Work item:
Return the data word for word. Pictures are to be omitted.

Raw data:
++++++++

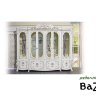 Гостиная Венеция Classic крем (А)  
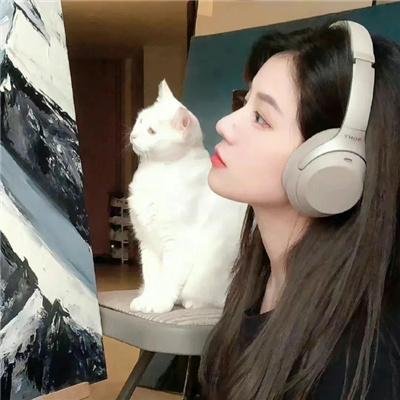 记忆的芬芳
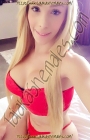 Travestis Taiaka Sara Valentina 5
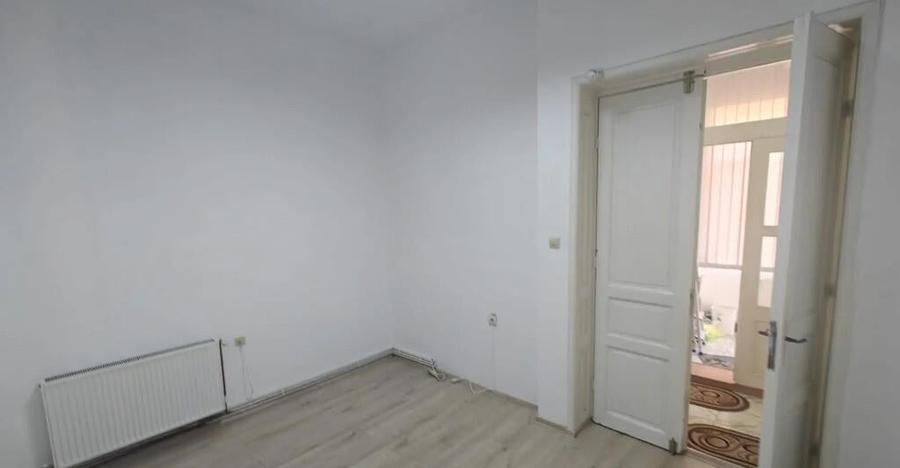 Casa / Spatiu comercial ~ zona ISJ Buzau ~ 160mp ~ Pret: 110.000 - 2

++++++++

Solution to this problem:
 Гостиная Венеция Classic крем (А)  
 记忆的芬芳
 Travestis Taiaka Sara Valentina 5
 Casa / Spatiu comercial ~ zona ISJ Buzau ~ 160mp ~ Pret: 110.000 - 2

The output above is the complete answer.